Material for this task -

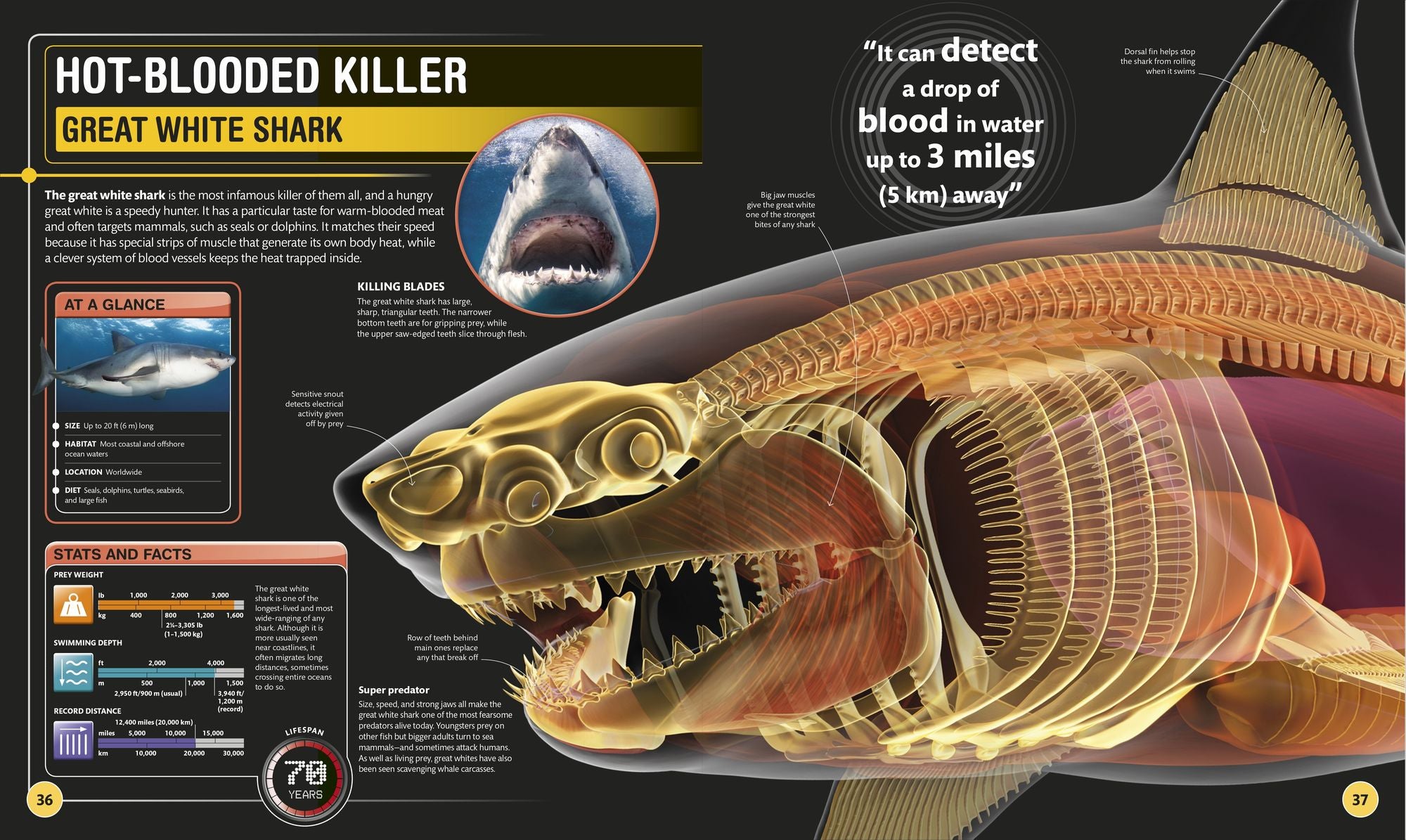 Super Shark Encyclopedia: And Other Creatures of the Deep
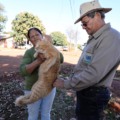 No sábado (13), a imunização de cães e gatos será realizada em formato drive-thru, no pátio da Prefeitura. (Foto: A. Frota)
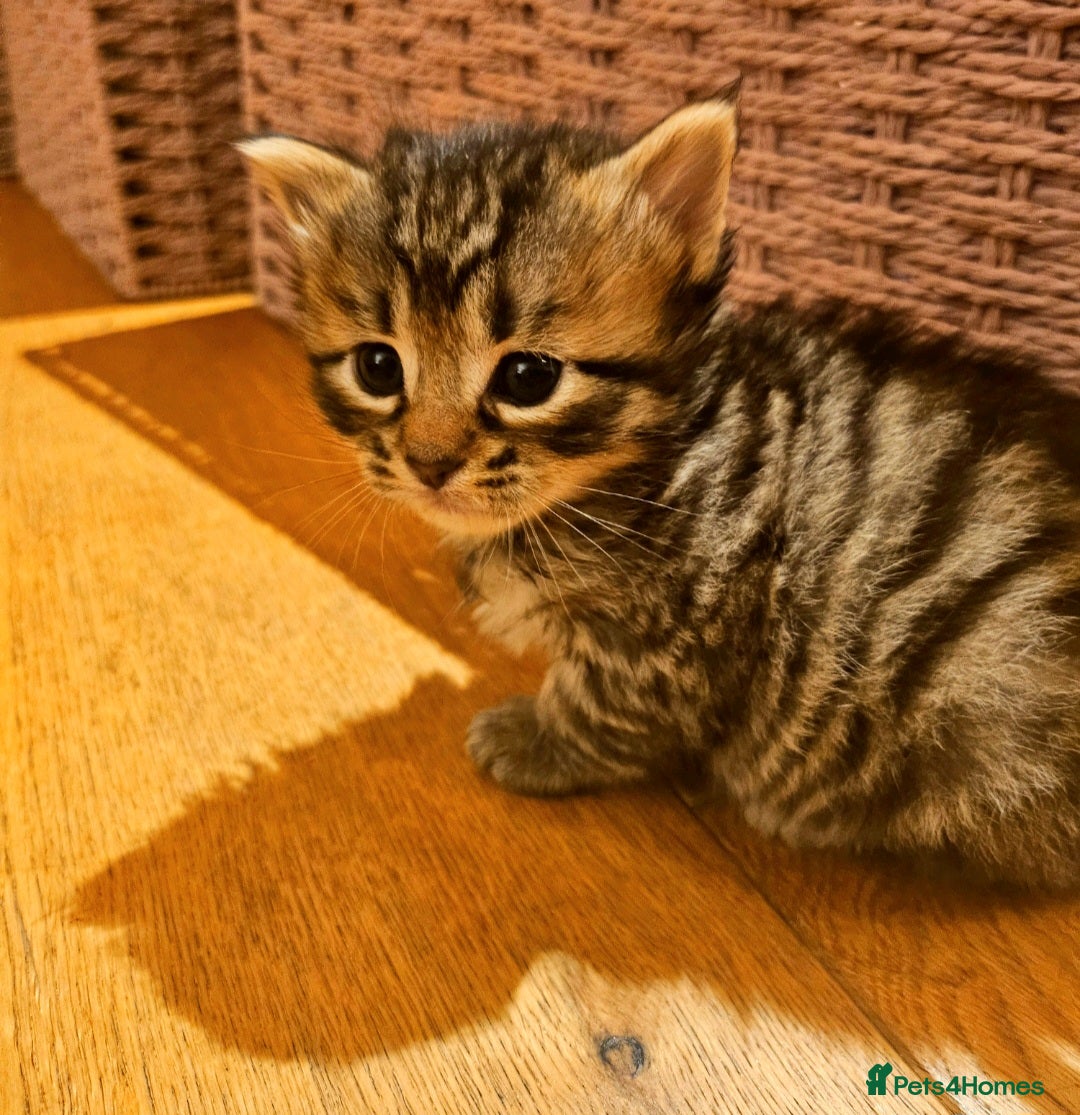 Mixed Breed cats for sale: Elven Bengal Mixes - Advert 36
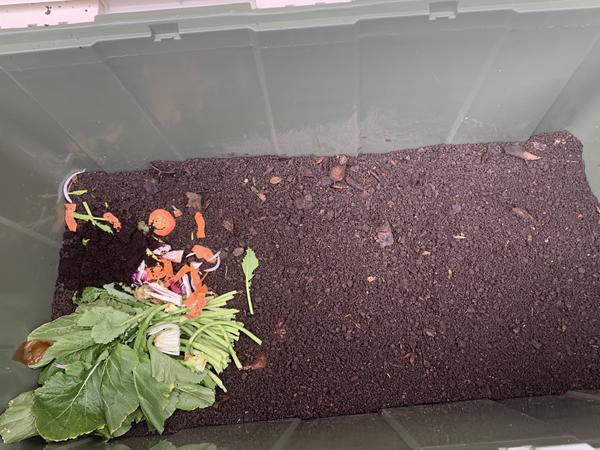 コンポストを始めた当初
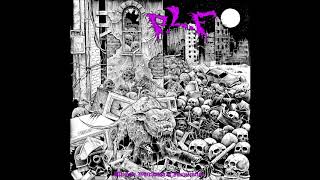 P.L.F. - "Page by Page" (ASSUCK Cover) - Ultimate Whirlwind of Incineration (2014)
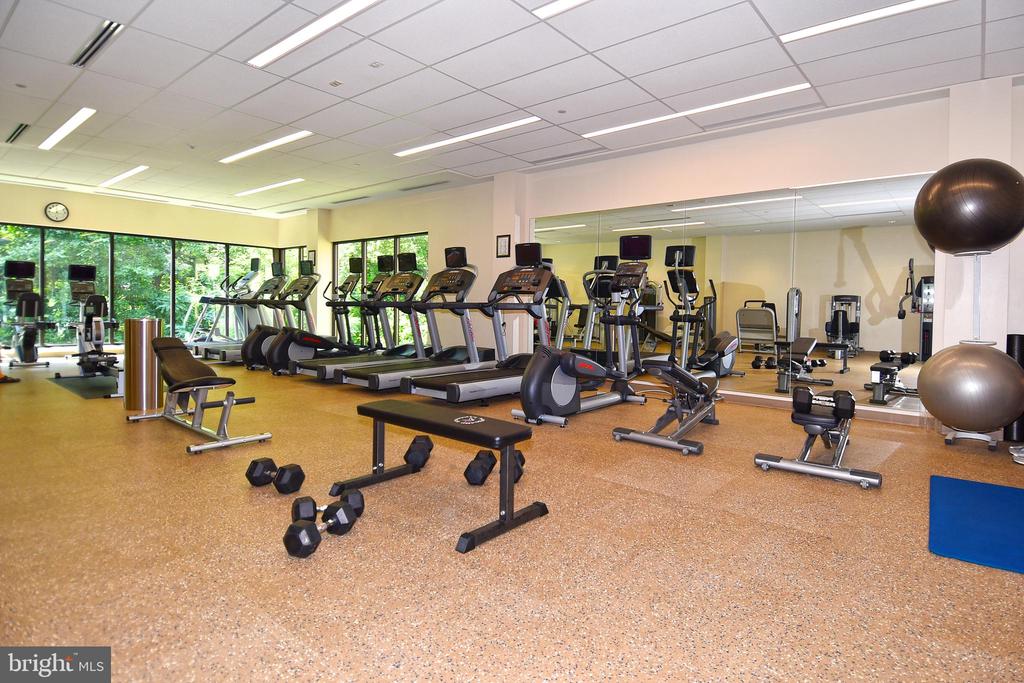 5903 MOUNT EAGLE DRIVE Unit: 516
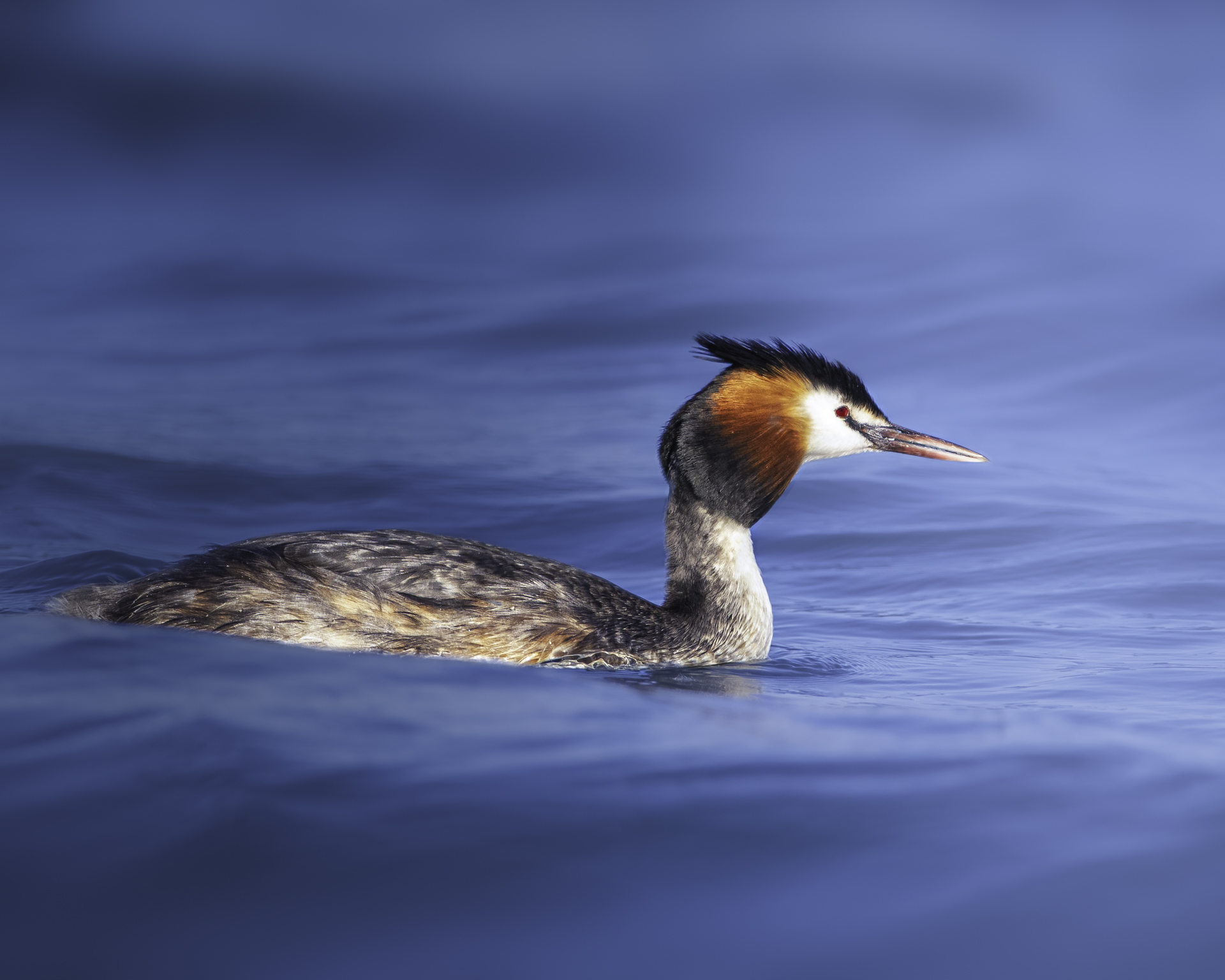 Passeggiando tra le onde
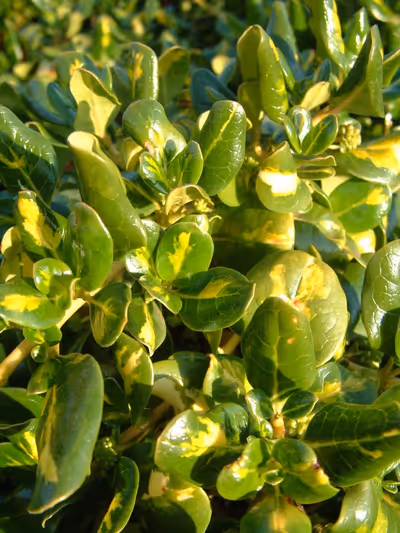 Coprosma repens 'Picturata'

Problem -
Output must match the lines from the start of the records above through the line that contains "コンポストを始めた当初", exactly and with every picture removed.

Response below -
 Super Shark Encyclopedia: And Other Creatures of the Deep
 No sábado (13), a imunização de cães e gatos será realizada em formato drive-thru, no pátio da Prefeitura. (Foto: A. Frota)
 Mixed Breed cats for sale: Elven Bengal Mixes - Advert 36
 コンポストを始めた当初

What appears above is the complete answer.